### Records for processing
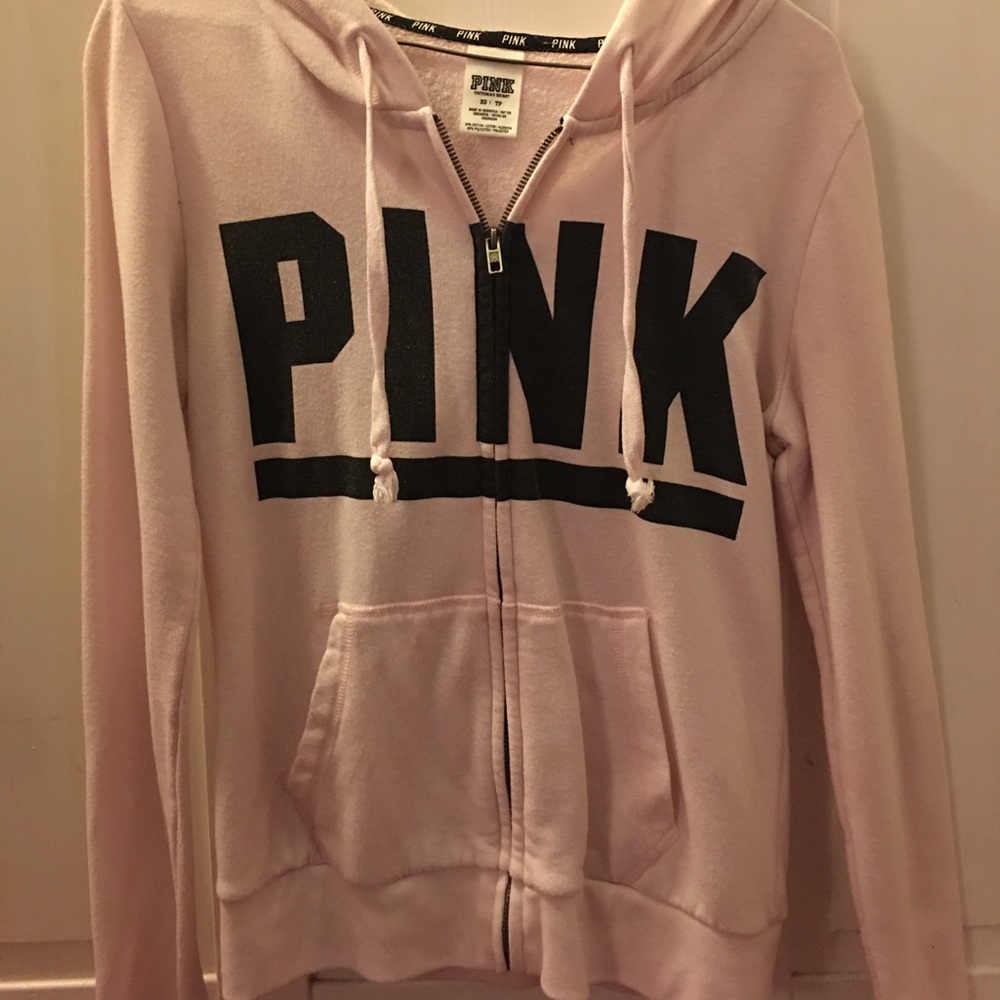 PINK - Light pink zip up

---

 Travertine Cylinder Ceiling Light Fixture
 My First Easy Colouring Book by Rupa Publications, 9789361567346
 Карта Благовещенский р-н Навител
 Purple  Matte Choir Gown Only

...

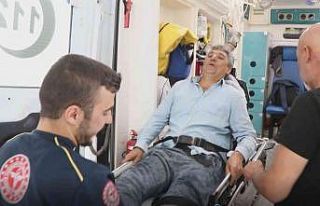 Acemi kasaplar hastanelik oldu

### Description of the task
Above are the records. Print exactly, and only, the lines from the line with "My First Easy" to the line with "Choir Gown Only", both inclusive.

### Result of this task
 My First Easy Colouring Book by Rupa Publications, 9789361567346
 Карта Благовещенский р-н Навител
 Purple  Matte Choir Gown Only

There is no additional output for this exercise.